**The task**
Go through the entries below and give the number of lines that have the string "over", and only that.

**Provided records**

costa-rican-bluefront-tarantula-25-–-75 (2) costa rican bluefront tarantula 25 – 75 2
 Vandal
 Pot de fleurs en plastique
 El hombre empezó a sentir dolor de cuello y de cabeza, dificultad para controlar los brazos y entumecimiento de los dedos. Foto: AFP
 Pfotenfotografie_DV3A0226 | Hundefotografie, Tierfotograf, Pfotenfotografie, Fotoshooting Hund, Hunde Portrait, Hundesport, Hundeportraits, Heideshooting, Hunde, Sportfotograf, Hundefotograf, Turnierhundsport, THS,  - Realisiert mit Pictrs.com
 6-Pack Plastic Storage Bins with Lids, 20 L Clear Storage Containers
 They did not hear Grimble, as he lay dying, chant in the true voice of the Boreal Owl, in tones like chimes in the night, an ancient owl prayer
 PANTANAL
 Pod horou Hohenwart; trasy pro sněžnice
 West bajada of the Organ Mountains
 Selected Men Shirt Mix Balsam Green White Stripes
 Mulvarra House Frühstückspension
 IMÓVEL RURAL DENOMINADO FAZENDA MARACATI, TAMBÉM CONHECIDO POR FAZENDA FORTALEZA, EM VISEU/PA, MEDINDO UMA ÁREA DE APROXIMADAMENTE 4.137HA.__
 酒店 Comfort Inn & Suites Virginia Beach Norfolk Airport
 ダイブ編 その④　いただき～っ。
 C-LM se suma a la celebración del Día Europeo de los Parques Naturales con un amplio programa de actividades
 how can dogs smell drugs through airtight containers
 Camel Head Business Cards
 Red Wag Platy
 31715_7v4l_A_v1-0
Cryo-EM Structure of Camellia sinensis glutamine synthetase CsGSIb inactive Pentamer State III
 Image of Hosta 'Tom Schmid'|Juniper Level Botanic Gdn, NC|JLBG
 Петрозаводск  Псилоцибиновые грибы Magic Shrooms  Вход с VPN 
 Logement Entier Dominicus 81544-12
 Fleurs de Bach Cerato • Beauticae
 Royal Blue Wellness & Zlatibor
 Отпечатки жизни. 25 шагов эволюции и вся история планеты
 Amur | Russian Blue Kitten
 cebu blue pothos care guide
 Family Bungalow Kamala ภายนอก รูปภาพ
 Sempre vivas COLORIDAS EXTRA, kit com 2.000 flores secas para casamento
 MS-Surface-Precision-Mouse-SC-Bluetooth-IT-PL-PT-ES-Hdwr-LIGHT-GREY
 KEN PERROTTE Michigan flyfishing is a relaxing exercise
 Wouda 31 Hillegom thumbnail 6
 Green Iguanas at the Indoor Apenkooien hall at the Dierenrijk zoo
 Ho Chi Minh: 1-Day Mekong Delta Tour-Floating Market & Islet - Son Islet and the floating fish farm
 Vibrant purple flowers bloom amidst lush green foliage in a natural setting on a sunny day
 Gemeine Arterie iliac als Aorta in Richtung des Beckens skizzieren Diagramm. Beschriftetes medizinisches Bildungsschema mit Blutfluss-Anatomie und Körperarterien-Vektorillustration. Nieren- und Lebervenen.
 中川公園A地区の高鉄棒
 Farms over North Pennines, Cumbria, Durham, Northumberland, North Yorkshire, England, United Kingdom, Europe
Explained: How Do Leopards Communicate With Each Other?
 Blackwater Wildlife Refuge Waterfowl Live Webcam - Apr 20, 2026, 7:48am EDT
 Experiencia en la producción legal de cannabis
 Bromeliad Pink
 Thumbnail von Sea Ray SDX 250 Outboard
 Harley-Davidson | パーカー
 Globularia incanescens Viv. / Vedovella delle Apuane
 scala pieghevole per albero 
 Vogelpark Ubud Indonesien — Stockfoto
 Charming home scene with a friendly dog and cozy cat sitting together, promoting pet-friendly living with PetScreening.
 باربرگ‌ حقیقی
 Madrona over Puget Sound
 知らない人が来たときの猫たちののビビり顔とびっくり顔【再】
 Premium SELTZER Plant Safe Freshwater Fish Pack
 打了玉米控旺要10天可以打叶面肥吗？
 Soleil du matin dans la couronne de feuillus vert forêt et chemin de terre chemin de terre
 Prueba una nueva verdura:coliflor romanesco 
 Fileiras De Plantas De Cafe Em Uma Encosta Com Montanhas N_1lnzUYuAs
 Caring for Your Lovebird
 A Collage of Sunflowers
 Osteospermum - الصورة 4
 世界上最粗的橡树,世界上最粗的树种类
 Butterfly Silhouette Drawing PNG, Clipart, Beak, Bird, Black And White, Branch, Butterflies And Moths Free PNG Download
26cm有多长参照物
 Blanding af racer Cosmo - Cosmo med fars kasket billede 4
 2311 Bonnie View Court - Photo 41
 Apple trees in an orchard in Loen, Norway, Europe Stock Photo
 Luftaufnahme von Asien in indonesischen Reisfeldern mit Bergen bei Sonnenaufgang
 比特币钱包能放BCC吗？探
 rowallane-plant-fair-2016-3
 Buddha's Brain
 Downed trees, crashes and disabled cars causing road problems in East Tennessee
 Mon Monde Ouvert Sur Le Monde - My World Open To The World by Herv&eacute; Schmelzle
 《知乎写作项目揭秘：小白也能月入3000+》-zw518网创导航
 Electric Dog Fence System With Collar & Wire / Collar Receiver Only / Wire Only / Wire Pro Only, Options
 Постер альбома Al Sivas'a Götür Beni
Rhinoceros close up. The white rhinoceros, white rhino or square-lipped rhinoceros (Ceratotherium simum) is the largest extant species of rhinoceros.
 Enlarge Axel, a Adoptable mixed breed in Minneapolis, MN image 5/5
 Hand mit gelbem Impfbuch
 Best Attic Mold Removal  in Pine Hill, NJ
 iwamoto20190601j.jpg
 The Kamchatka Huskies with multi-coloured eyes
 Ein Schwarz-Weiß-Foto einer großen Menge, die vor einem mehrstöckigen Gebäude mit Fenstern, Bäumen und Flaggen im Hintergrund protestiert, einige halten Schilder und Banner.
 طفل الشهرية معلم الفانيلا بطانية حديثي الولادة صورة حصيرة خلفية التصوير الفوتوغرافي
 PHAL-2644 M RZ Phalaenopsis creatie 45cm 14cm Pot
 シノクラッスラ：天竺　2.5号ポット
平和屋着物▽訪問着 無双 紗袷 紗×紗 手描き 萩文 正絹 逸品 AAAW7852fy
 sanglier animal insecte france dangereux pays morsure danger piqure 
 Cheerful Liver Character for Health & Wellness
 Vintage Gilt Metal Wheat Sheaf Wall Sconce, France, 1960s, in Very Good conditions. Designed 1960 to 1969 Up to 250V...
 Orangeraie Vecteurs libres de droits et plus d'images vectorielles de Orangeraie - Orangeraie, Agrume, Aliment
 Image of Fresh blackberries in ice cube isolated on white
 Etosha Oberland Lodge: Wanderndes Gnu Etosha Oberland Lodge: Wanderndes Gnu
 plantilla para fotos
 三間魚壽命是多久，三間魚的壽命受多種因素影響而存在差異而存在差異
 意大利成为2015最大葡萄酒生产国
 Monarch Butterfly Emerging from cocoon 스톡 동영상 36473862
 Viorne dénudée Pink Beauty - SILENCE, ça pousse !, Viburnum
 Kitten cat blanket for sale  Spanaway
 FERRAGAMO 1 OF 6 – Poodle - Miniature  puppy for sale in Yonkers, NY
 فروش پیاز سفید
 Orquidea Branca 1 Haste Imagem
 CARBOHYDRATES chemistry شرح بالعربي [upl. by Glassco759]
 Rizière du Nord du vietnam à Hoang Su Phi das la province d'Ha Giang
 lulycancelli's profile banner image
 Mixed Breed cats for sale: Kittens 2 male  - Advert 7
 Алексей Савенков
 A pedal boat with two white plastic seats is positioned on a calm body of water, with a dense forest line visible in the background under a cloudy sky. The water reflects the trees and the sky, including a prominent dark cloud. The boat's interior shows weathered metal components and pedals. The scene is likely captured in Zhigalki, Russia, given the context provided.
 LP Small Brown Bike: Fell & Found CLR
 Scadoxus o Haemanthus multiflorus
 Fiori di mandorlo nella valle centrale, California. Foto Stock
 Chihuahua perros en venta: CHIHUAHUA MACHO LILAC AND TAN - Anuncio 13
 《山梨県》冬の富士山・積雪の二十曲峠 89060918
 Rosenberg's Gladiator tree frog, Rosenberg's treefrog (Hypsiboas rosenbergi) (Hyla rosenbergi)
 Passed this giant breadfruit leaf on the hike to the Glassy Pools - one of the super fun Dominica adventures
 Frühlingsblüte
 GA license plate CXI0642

**Your response**
2